Üzerinde çalışılan yasa tasarısında önemli bir yanlışlığı vurgulamak isterim. Bu yasa ile üniversite hastanelerinde “katkı payı” alınması kaldırıldığından, bir hastanın istediği bir öğretim üyesine muayene olması olanaksızlaşıyor! Aslında bu değişiklik öğretim üyesi için olumlu bir gelişme olacaktır. Çünkü üniversite hastanesinde tam gün çalışmayı seçmiş çoğu hekimin, belirli bir yaşam standardının sağlanması koşulu ile “özel muayene” yapmak için çok da büyük bir gayret içinde olmayacaklarını biliyorum. Akademisyenlik bir yaşam tarzıdır; insan yetiştirmek, buluş yapmak, yenilikleri uygulamaktır. Gerçek bir akademisyen için hasta bakmak asistanını, öğrencisini eğitmek demektir. Eflatun, hekimlerin para kazanmaya çok gereksinimleri olmadığını, hekimlik şerefinin kendilerine yeterli olduğunu söylemiştir. Bu görüş hekimler için, akademisyenler için kesinlikle doğrudur. Ancak bu şerefin yaşanabilmesi için akademisyenin mesleğini takip edebilmesi, toplumsal olaylarla ilgilenebilmesi, çocuğunu düzgün bir okulda okutabilmesi, sanatı yaşayabilmesi gibi temel gereksinimlerini karşılayabilmesi gerekir. Bunları yapamayan bir akademisyenin toplum içinde saygın olması olanaksızdır.
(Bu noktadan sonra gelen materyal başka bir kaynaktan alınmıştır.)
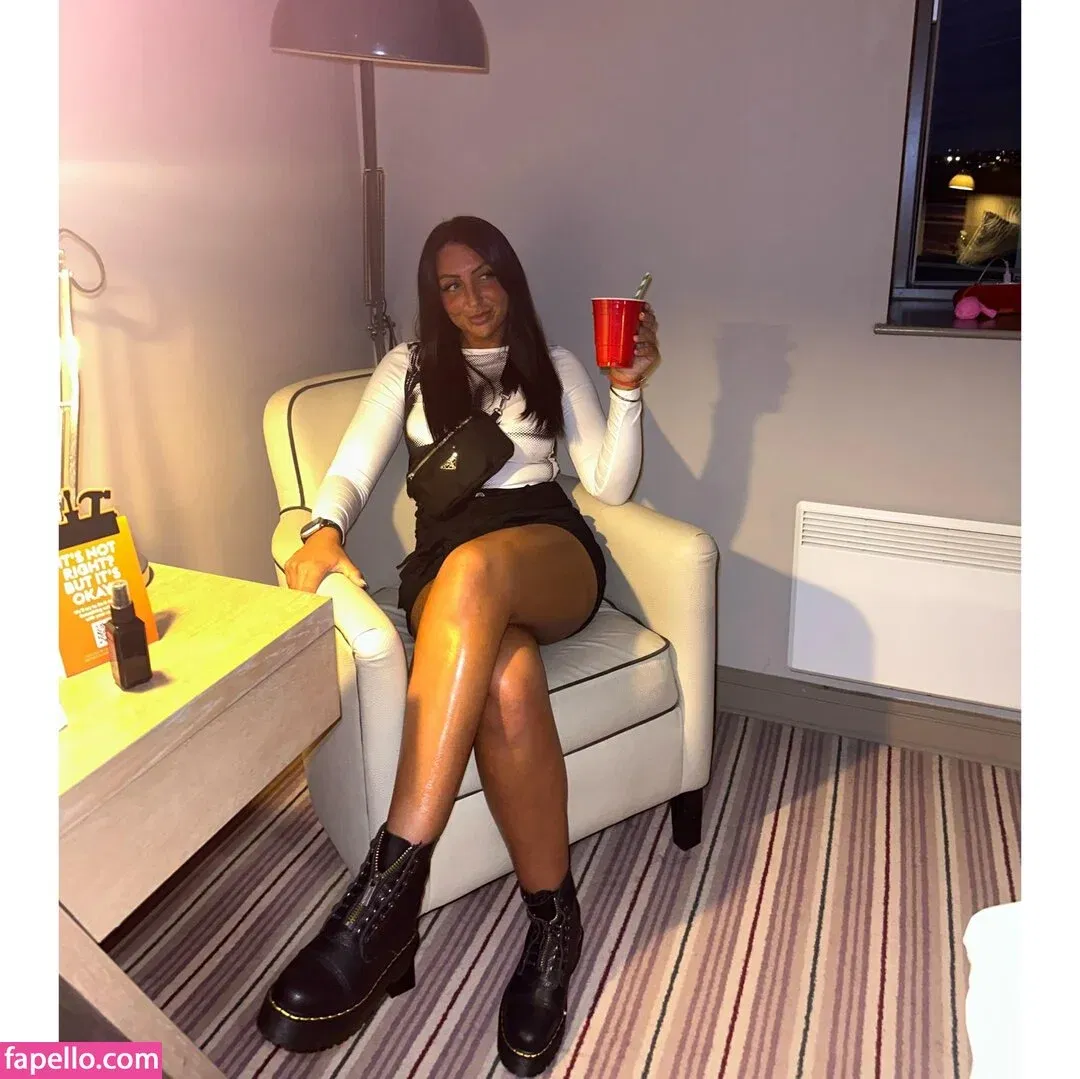 Popping Candy Onlyfans Photo Gallery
Tıp fakültelerinde tam gün çalışacak öğretim üyelerinin özel hasta bakamamasının getireceği gelir kaybının, performans gelirlerinde yapılacak değişikliklerle karşılanacağı belirtilmektedir.
Performansa yönelik gelirin uygulanması ile tıbbi harcamaların arttığını görüyoruz. Öte yandan performans uygulamaları ile tedavi hizmetlerinin çok öne geçtiğini, koruyucu hekimliğin ise gittikçe unutulduğu gerçeğini yaşıyoruz. Bu yazıda performans uygulamalarının sakıncalarını tartışmayacağım. İşin bir boyutu bu olduğundan sözünü etmiş bulunuyorum.
Üniversite hastanelerinin bir gelir kaynağı da öğretim üyelerinin özel muayeneleri ve katkı paylı hizmetleridir. Bunun önü kesildiğinde döner sermaye gelirlerinde azalma meydana gelecektir. Her geçen gün bütçe uygulama talimatları ile yapılan tetkik/tedavi hizmetlerinin ücretleri zaten düşürülmektedir. Öğretim üyelerinin katkıları da sıfırlandığında ülke çapında zaten zor durumda olan tıp fakültelerinde durum daha da ağırlaşacaktır. Sonuçta öğretim üyelerinin özel sektöre zaten artmış kaçışları daha da hızlanacaktır. Bu durumda onca öğrenci, asistan nasıl eğitim alacaktır?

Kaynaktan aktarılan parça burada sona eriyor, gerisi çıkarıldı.